Key contacts
Summary
- The Court of Appeal’s decision in Saipem & Ors v Petrofac Limited ([2025] EWCA Civ 821) brings welcome good news for “out-of-the-money” creditors subject to restructuring plans under Part 26A of the Companies Act 2006.
- The decision emphasises that all creditor classes, including dissenting and out-of-the money classes, should receive a fair distribution of the benefits derived from the restructuring.
- Plan companies will now need to be prepared for greater scrutiny on the fairness of their treatment of out-of-the-money creditors and returns to new money providers.
- The decision hands a degree of negotiating power back to out-of-the-money creditors and underscores the importance of fair distribution of restructuring benefits for all creditor classes.
Case Facts
- The case concerned appeals by Saipem and Samsung (joint venture partners) (“S&S”) against the sanctioning of restructuring plans for Petrofac Limited and Petrofac International (UAE) LLC.
- The plans were principally negotiated with a group of secured creditors and aimed to compromise five classes of creditor claims and introduce significant new money investment to preserve the group as a going concern.
- The allocation of equity in the restructured group was a key feature of the plans.
- At first instance, the Judge found that the dissenting creditors (including unsecured creditors such as S&S) were not worse off under the plans and that the allocation of benefits, including the returns to new money providers, was fair in the circumstances.
- The Judge therefore exercised the court’s discretion to sanction the plans under the cross-class cram-down mechanism.
- S&S appealed on two grounds:
- The “No Worse Off” Test (Section 901G(3), Companies Act 2006)
S&S argued they would be worse off under the plans when considering indirect benefits they would gain from Petrofac's liquidation, including reduced competition in the market; and - Fair Allocation of Restructuring Benefits
S&S argued the restructuring benefits were not fairly shared between creditors as the new investors would receive over two-thirds of the restructured company's equity.
- The “No Worse Off” Test (Section 901G(3), Companies Act 2006)
Court of Appeal Decision
i.

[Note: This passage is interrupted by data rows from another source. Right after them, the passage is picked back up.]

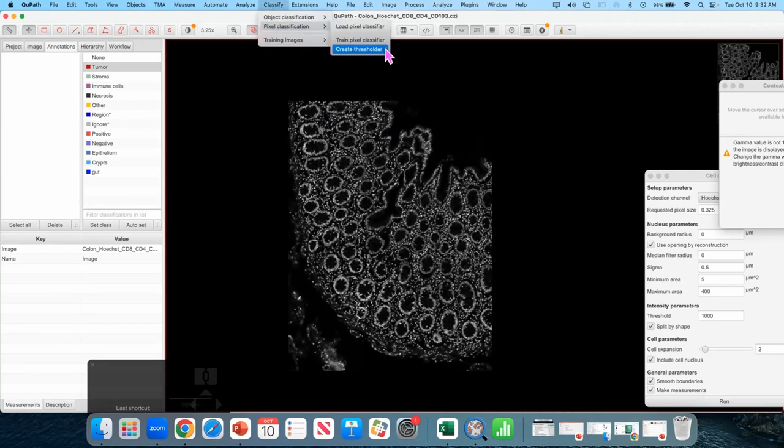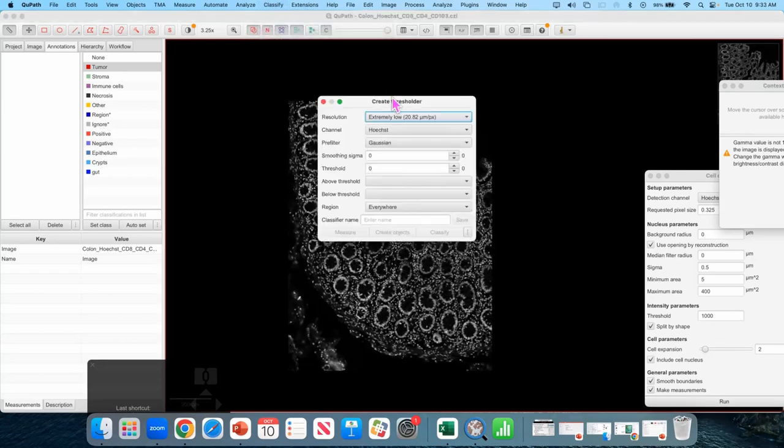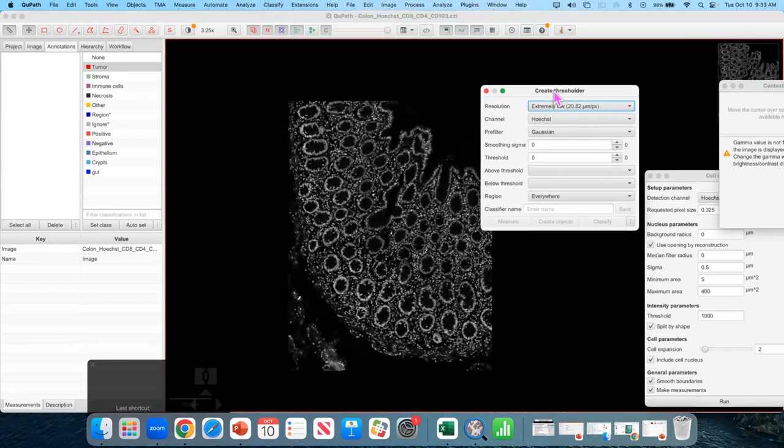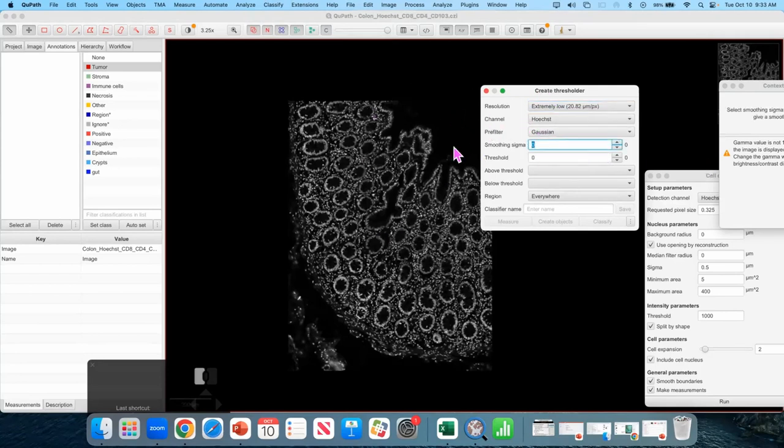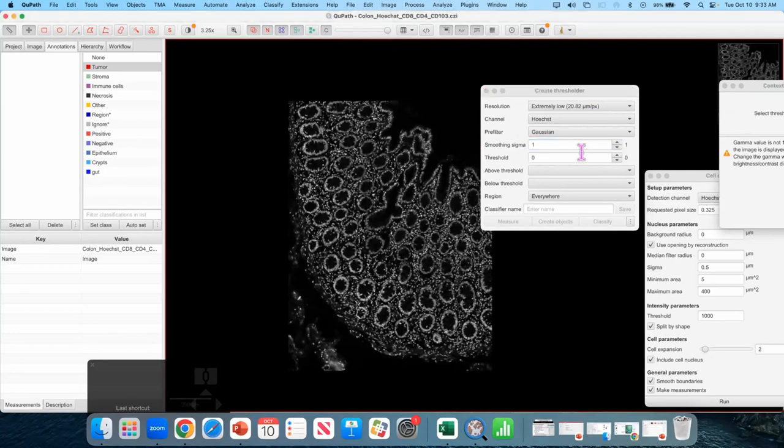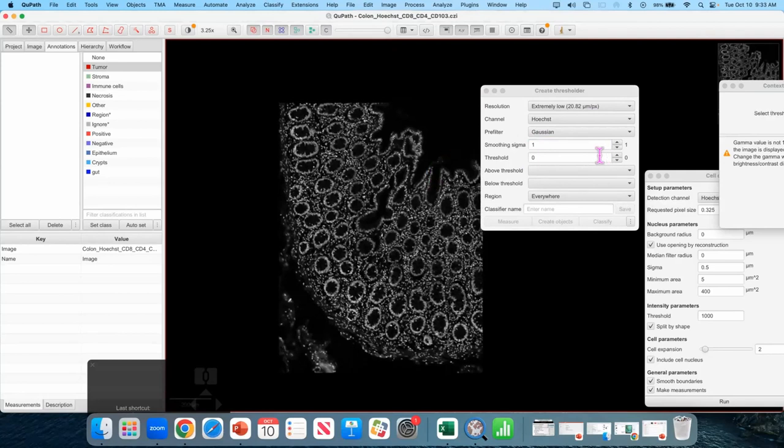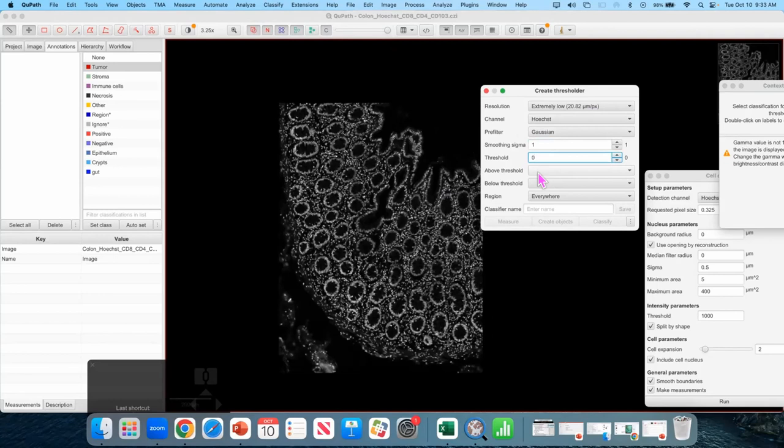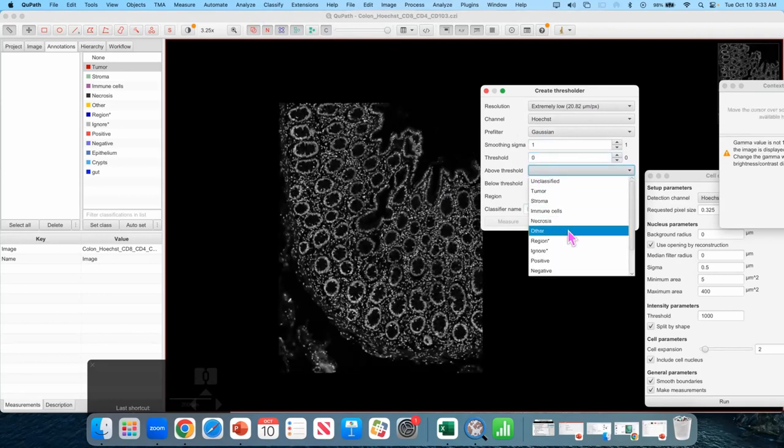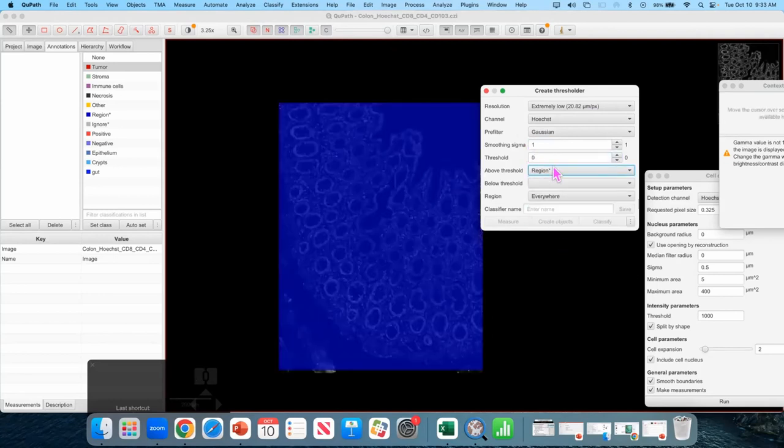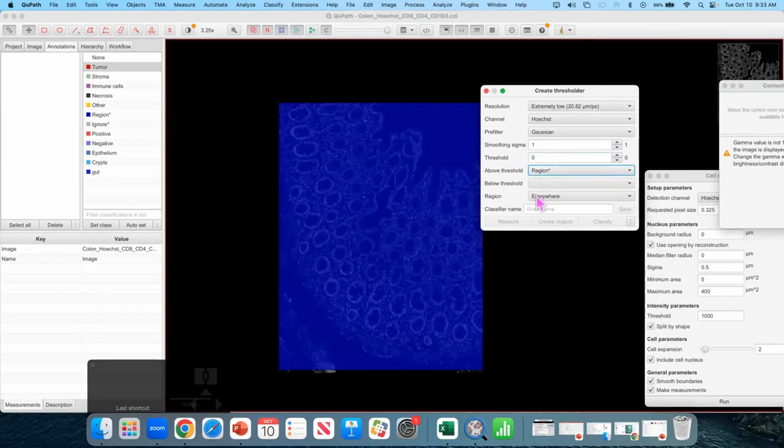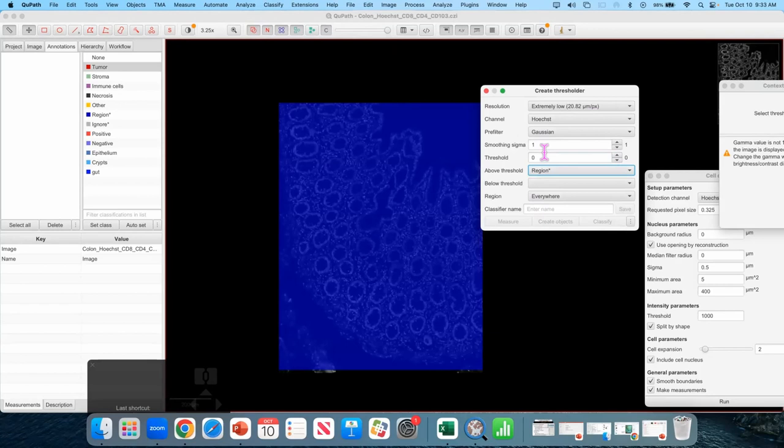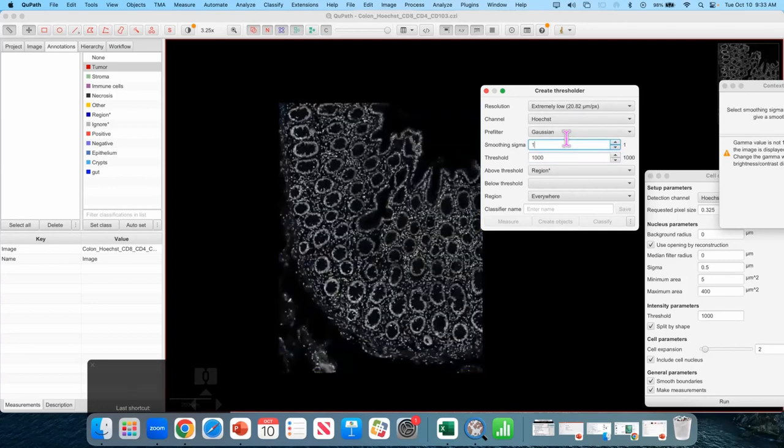Okay so a lot of yesterday we were just making that full image annotation that's square. But most of your images aren't going to be isotropic so let's get a look right here. We're going to detect this entire tissue with all of its actual curves. Classify. Pixel classification. Create thresholds. So this is going to threshold on the hoist channel. I recommend a smoothing sigma of one. You want everything that is above your threshold to be a class and we're going to call it the region class. It is important that you put something in here it doesn't really matter what just you must name a class.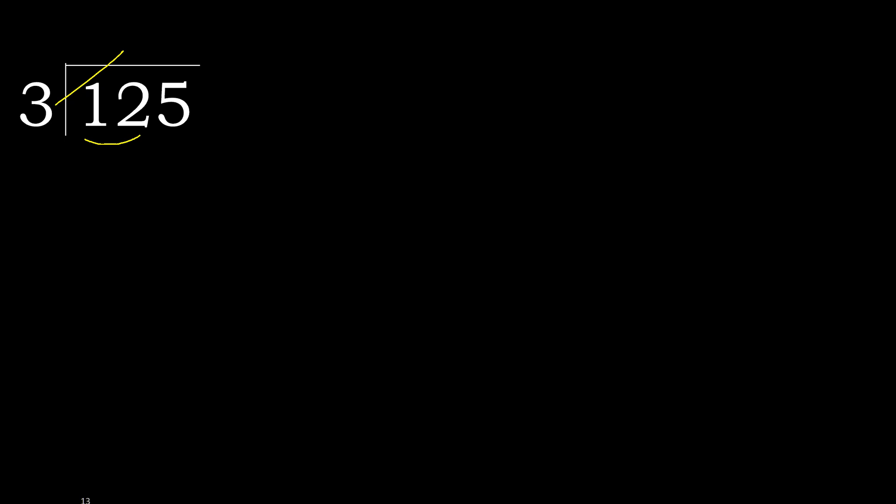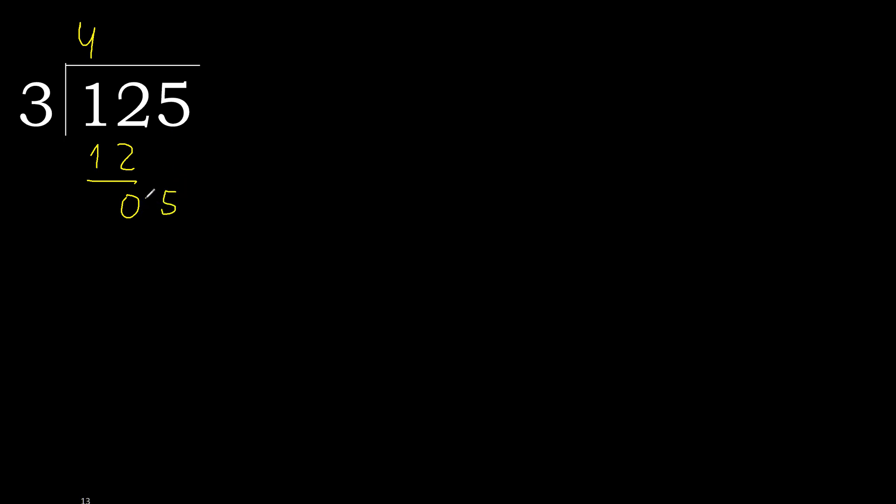3 multiplied by 5, 15. 15 is greater. Multiplied by 4 is 12. 12 is not greater, ok, subtract. Next.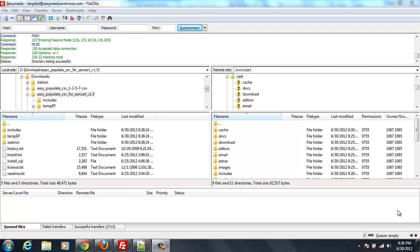Hello, welcome to my tutorial on installing Easy Populate for Zen Cart 1.5. This is my second attempt.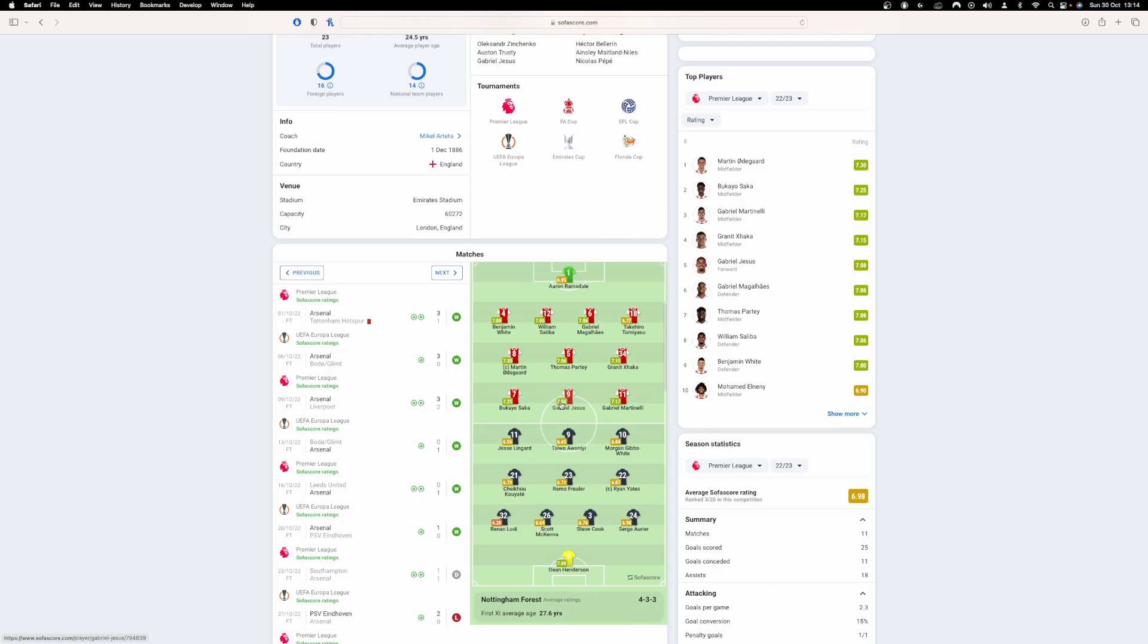But it is nice to see Zinchenko there because he is by far the best left-back in possession. And the aim of the way we play, our 4-3-3 positional play, is to have the ball as much as possible and to create.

First ground of appeal: Rejected
- The Court of Appeal confirmed that the statutory test requires a comparison of the financial value of the rights a creditor would have had in the relevant alternative (liquidation) with the value of rights offered under the plan.
- Broader commercial or competitive interests, such as the removal of a market competitor, are not rights compromised by the plan and are too remote from the debtor-creditor relationship.
ii. Second ground of appeal: Allowed
- The Court must consider whether the allocation of value under the plan is fair, especially when using the cross-class cram down power to impose a plan on dissenting creditors.
- The Court found that the restructuring benefits generated by the plan were not fairly distributed between creditors, including out-of-the-money creditors, for a number of reasons:
- The majority of the value preserved by the restructuring was allocated to the providers of new money, with existing creditors receiving a much smaller share relative to the value of their compromised claims.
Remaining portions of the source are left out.